Think of it this way: You’re on a cruise ship, and you have a priceless diamond tiara (don’t we all?). You know it’ll be much safer in the ship’s vault than in your cabin. The ship’s purser is only too happy to watch over your valuables in their very strong safe. Now you can rest easy.

Except… there’s someone besides you who can open the vault. What if the government serves the purser with a warrant (or some other constitutionally-questionable writ) and takes your tiara? What if someone fools the purser into handing over your tiara? For most things, trusting the purser is fine, but that tiara is really something special. What you need, then, is a special box with a really strong lock. You give the purser the box and neither he nor anyone else can even see what’s inside, and you can make it a really strong box, so even if the purser hands over the keys to his vault, your stuff is still safe.

The same principle applies with Dropbox. It’s really convenient and pretty darn secure, but someone else is holding the keys. For most things, like my writing, no further security is necessary. Yet I have a few files that I don’t want to leave to someone else to protect, but I still want the convenience and data backup Dropbox provides.
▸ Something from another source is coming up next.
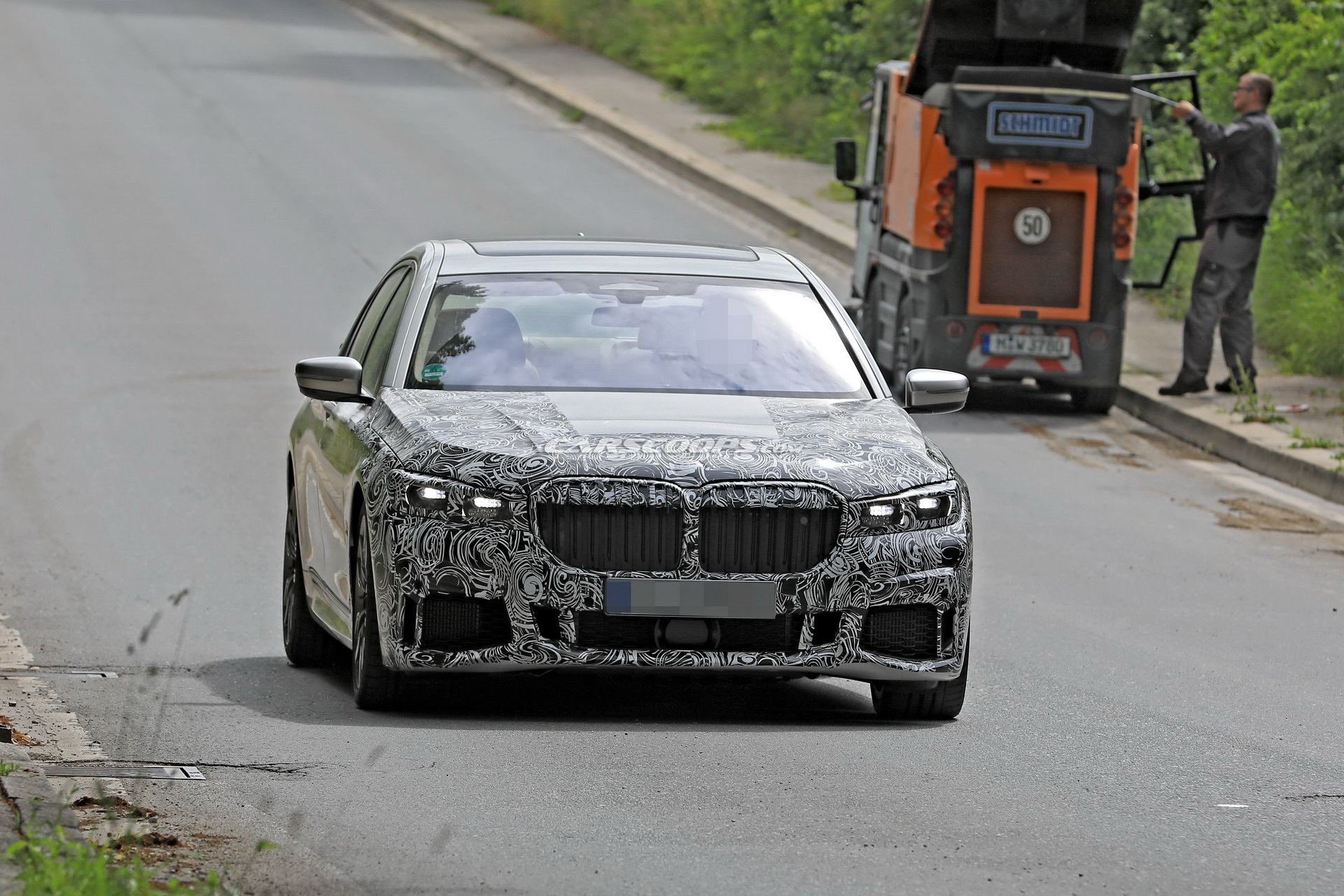 2019 BMW 7-Series 01 Facelifted 2019 BMW 7-Series Spied In Base And M760Li xDrive Forms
On my mac I’ve set up a very simple system that allows me to see my most secret files whenever I need to on any of my machines, but protects them from prying eyes. It’s actually pretty simple, and there’s almost certainly a direct analog on Windows.

The disk utility that comes with Macs can create an encrypted disk image using pretty dang strong encryption. If you put that image file in your dropbox, then any files you add to that virtual disk will encrypted and saved to your Dropbox when you unmount the disk. Here are the steps:

  1. Fire up Disk Utility (it’s in the Utilities folder).
  2. Click New Image
  3. Decisions, decisions….
    • Name your new disk. If you name it “secret stuff” that will just make people curious.
    • Size: For reasons I’ll go into shortly, I’d advise not making this any bigger than you really need. If you’re protecting text files, it can be pretty small. The 100MB setting is probably more than enough for most people.
    • Format: Just use the default
    • Encryption: I say, what the heck. Go for the maximum unless you’ll be using a really old machine.
    • Partition: just use the default.
    • Image Format: sparse disk image – this will keep the size of the actual disk file down. UPDATE – As of MacOS X 10.5, there’s a new option called “sparse bundle disk image”. DON’T USE THAT! It seems perfect at first (see below) but things get mucked up if there’s a conflict.
  4. Save. You will be asked for a password. You’ll not need to remember it, so make it good and strong, nothing like any password you’ve used anywhere else. Keep the “save in keychain” option selected. (If you need it later, you can find it with Keychain Access.) – Remember: this is the secret that protects all your other secrets.
  5. Voila! Put the disk image in your Dropbox folder. When you open the image file, a new hard drive will appear in finder. Anything you put on the drive will be added to the .dmg file you created.
  6. “Eject” the drive on that machine and open the .dmg on any other machines you want to share the information. While you remember your crazy password, get it saved in the keychains of your various machines.

A couple of notes:

  • The .dmg file will only update when you “eject” the drive. So I advise you not keep it mounted most of the time. Open it, add/access the files inside, and close it again. If you open it on two machines at the same time, you will end up with two versions in your Dropbox folder.
  • I advised saving your password on your keychain, but remember that anyone who can access your computer can also access your secrets. So you might want to consider not putting the password in your laptop’s keychain, for instance, if you think it might fall into the wrong hands.
  • Since your secret files are saved as a single blob of data, you won’t have automatic backups of individual files. If you need to recover one, you’ll have to find the right version of the image file.
  • Since your information is saved as a big ol’ blob, if you make a huge .dmg file it will eat up space in your Dropbox and burn up unnecessary bandwidth each time your save. ‘Sparse’ images only grow to the maximum as you use the space (but never shrink unless you intervene with Disk Utility).
  • UPDATE – Apple has created a new format that saves the image file as a whole bunch of little blobs, rather than one big one. With that option, when you make changes, only the little blobs that changed need to get updated. This was to make Time Machine work better, and at first I thought it would be perfect for Dropbox. Then I spent a few minutes testing and discovered that the way Dropbox handles conflicts (two computers updating the file at the same time) gets royally hosed when you use this format. Bummer. So, don’t use it.
  • It’s possible to set things up to protect individual files, but it’s complicated. Hopefully it won’t always be.
  • Important! If you only store the password on one machine – Save it somewhere else also!. If you lose that password (if your hard drive crashes or your computer is stolen, for instance), you’re not getting into your strongbox. Ever. That was the whole point, after all.